Tak lagi kuat menahan emosi, wanita itu pun akhirnya mengaku. “Saya ini Kepala Bappeko Surabaya! Kalau Anda tidak mengubah sikap Anda itu, saya sumpah, Anda atau saya yang harus pindah!“ seru Ir Tri Rismaharini, si wanita tokoh kita kali ini.
Ya, dialah Tri Rismaharini, wanita yang lebih sering dipanggil Bu Risma.
Belakangan ia kerap turun ke bawah, berkunjung dari sekolah satu ke sekolah lain. Bukan sekadar silaturahim, namun mencoba membantu permasalahan yang dihadapi para siswa.
“Jenis persoalannya beragam. Ada yang terpaksa putus sekolah karena tak bisa membayar SPP hingga beberapa bulan, ada pula yang ijazahnya ditahan oleh sekolah karena SPP-nya belum lunas. Lha kalau ijazahnya ditahan, mereka cari kerja pakai apa?” tanya Risma.
Tim Penelusur
Menurut wanita kelahiran Kediri, 20 November 1961 ini, pemkot harus ikut mengupayakan agar nasib-nasib tragis seperti itu tidak terjadi.

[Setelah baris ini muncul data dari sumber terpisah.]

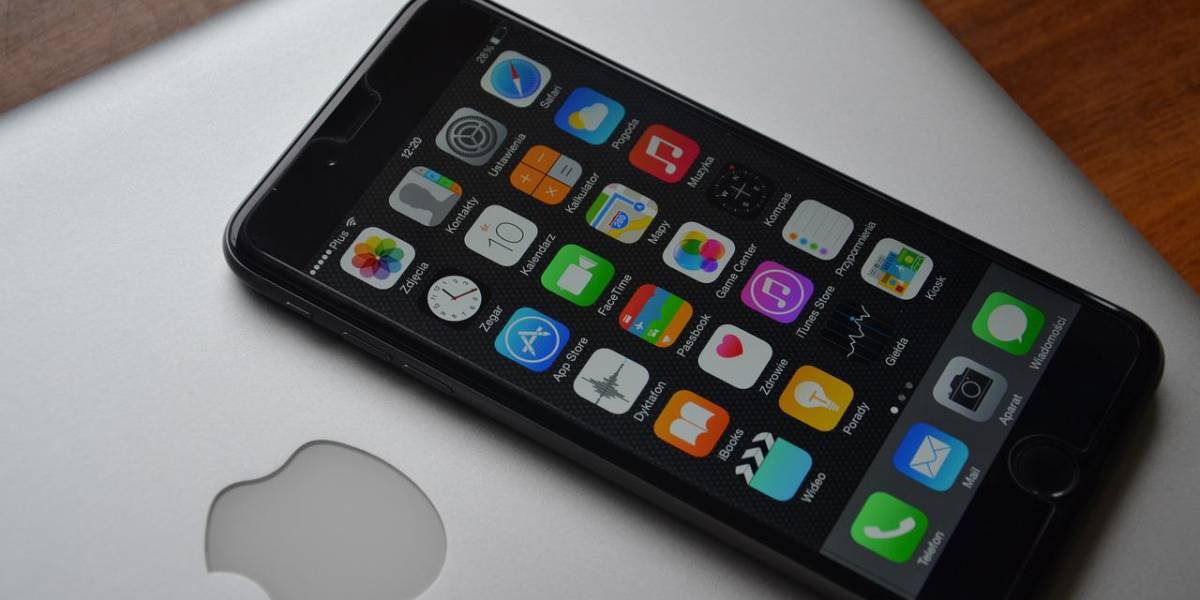 Apple envió advertencias a sus usuarios sobre la carga de batería en los iPhones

Ini bagian dari tekad Pemkot Surabaya mewujudkan kota pahlawan tanpa anak putus sekolah. Tidak banyak gembar gembor, pemkot terus menelusuri jejak-jejak anak putus sekolah. Sementara ini sudah terjaring 905 anak putus sekolah.
“Kami mulai menelusuri anak-anak bernasib malang itu. Sejauh data kami, ada 905 anak tidak sekolah dengan penyebab beragam. Ada yang bermasalah dengan ijazah SMP-nya belum tertebus, ada yang terkendala SPP, ada pula yang benar-benara sengaja tidak mau sekolah,” kata Risma.
Mantan Kepala Dinas Kebersihan dan Pertamanan ini yakin angka 905 ini belum final. Masih banyak anak putus sekolah yang belum terdeteksi dan jumlah itu masih akan bertambah.
“Pertambahannya bisa dua kali lipat. Pasalnya, angka itu saya dapat dari 87 kelurahan, sementara jumlah kelurahan di Surabaya ada 163,” katanya.
Penelusuran dilakukan melalui kelurahan dilanjutkan ke RT dan RW. Para Ketua RT dan RW memberikan data awal ke Tim Penelusuran Anak Putus Sekolah dilengkapi daftar riwayat hidup si anak, misalnya kondisi keluarga yang bersangkutan, pekerjaan orangtua, dan alasan putus sekolah.
Dari penelusuran tim terlihat cukup banyak anak yang putus sekolah karena jarak sekolah dan rumahnya cukup jauh. Dia terpaksa harus naik angkot, bahkan hingga oper 2 kali, untuk sampai di sekolah. Orangtua tidak bisa memenuhi kbutuhan ongkos transportasi ini. Ini memang bukan perkara sederhana. Dua kali naik angkot, berarti 4 kali PP. Bila sekali jalan butuh Rp 2.500, maka dalam sehari si anak butuh Rp 10 ribu hanya untuk ongkos angkot saja. Jelas ini bukan komponen pengeluaran yang sedikikt bagi keluarga si anak.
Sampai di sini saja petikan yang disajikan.